65. Defendant Barton breached the Joint Venture Agreement by: . . . .
b. Failing to pay to Plaintiff 51 percent of the net profits of the business operations in Afghanistan of Vanquish [United States], which were subject to his joint venture partnership with Plaintiff; and
c. Failing to make open for inspection and examination by Plaintiff or his agents the records, statements and accounts of the business operations in Afghanistan of Vanquish [United States], which were subject to his joint venture partnership with Plaintiff[.]

[Am. Compl. at 13]. Mr. Barton, however, argues that dismissal of these allegations is proper because the Joint Venture Agreement's plain terms do not entitle Mr. Koshani to receive net profits from Vanquish United States or to inspect Vanquish United States' records or other documents. [Defs.' Br. at 3-4]. In response, Mr. Koshani highlights portions of the Joint Venture Agreement. [Pl.'s Resp. at 8]. He notes that Section Five provides that “[t]he net profits earned by the joint venture . . . shall be divided among the parties as follows: Eric Barton shall receive 49 percent (49%), and [Mr.
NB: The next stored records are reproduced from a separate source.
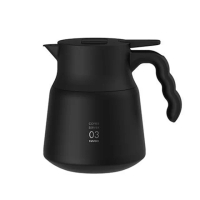 【HARIO】V60 不鏽鋼保溫咖啡壺 800ml 黑色(保溫壺 咖啡壺 VHSN-80B PLUS 不銹鋼)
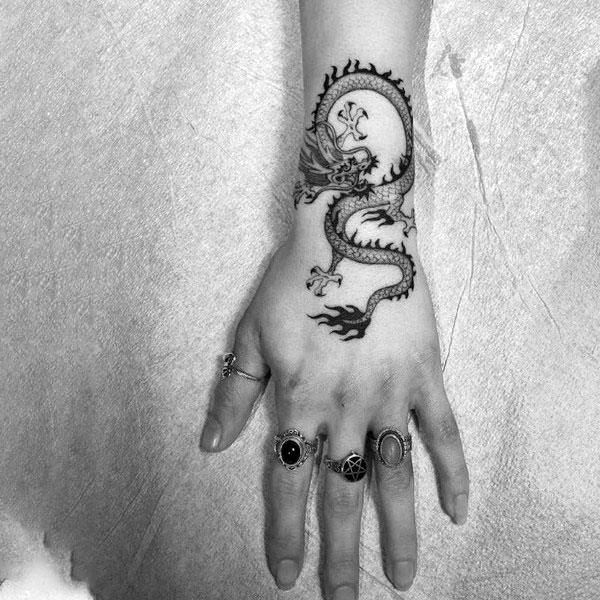 Tattoo Long quấn tay mini đẹp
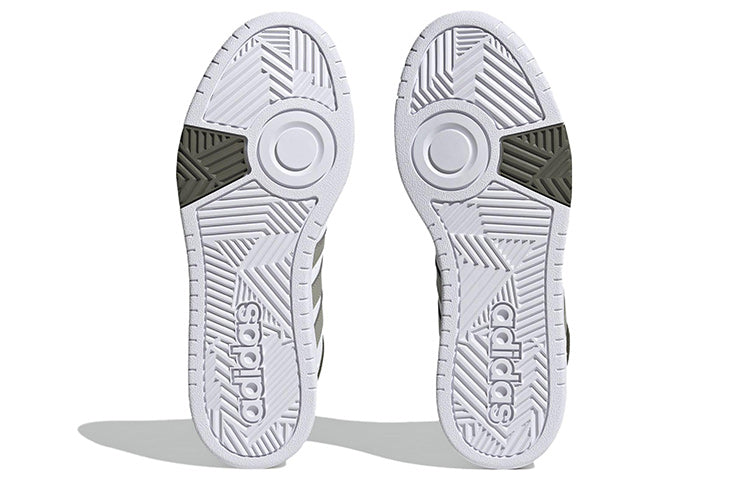 adidas Hoops 3.0 Mid Classic 'White Olive Strata' HP7894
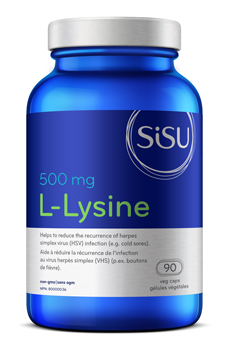 Sisu L-Lysine (500mg) (90 Vegetable Capsules) - Lifestyle Markets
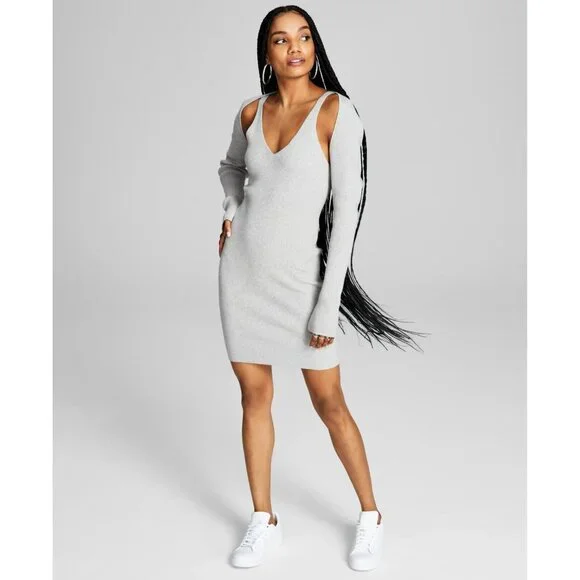And Now This | Dresses | And Now This Womens Ribbed Knit Bodycon Dress Shrug Gray Size Medium | Poshmark And Now This | Dresses | And Now This Womens Ribbed Knit Bodycon Dress Shrug Gray Size Medium | Poshmark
Koshani] shall receive 51 percent (51%).” [J.V. Agreement at 2]. He also notes that Section Seven states that “Eric Barton shall maintain . . . records, statements, and accounts concerning the total operation of the joint venture” and that “[a]ll the books will be open at all times for inspection and examination by [Mr. Koshani].” [Id. at 3].

         In the Joint Venture Agreement, the parties define “joint venture” as an enterprise that “shall be conducted under the name of Vanquish [Afghanistan] from a place of business at . . . City of Kabul, State of Afghanistan.” [Id. at 1].[2] This plain language could not be any more transparent. The parties unmistakably intended their legal obligations under the Joint Venture Agreement-including under Section Five and Section Seven- to extend to and flow from Vanquish Afghanistan. See Bokor v. Holder, 722 S.W.2d 676, 679 (Tenn. Ct. App. 1986) (stating that courts cannot look beyond a contract's terms unless they are ambiguous); Pylant v. Spivey, 174 S.W.3d 143, 152 (Tenn. Ct. App. 2003) (noting that a contract's terms are ambiguous only when they are “susceptible to more than one reasonable interpretation” (citation omitted)). Simply, the Joint Venture Agreement does not state that Mr. Barton must share Vanquish United States' profits with Mr. Koshani or permit Mr. Koshani to inspect Vanquish United States' records. The parties do not even mention Vanquish United States in the Joint Venture Agreement.[3] The Court cannot possibly interpret the Joint Venture Agreement-by itself-as governing anything other than the parties' relationship vis-à-vis Vanquish Afghanistan. The Court will dismiss paragraphs 65(b) and 65(c) of the Amended Complaint.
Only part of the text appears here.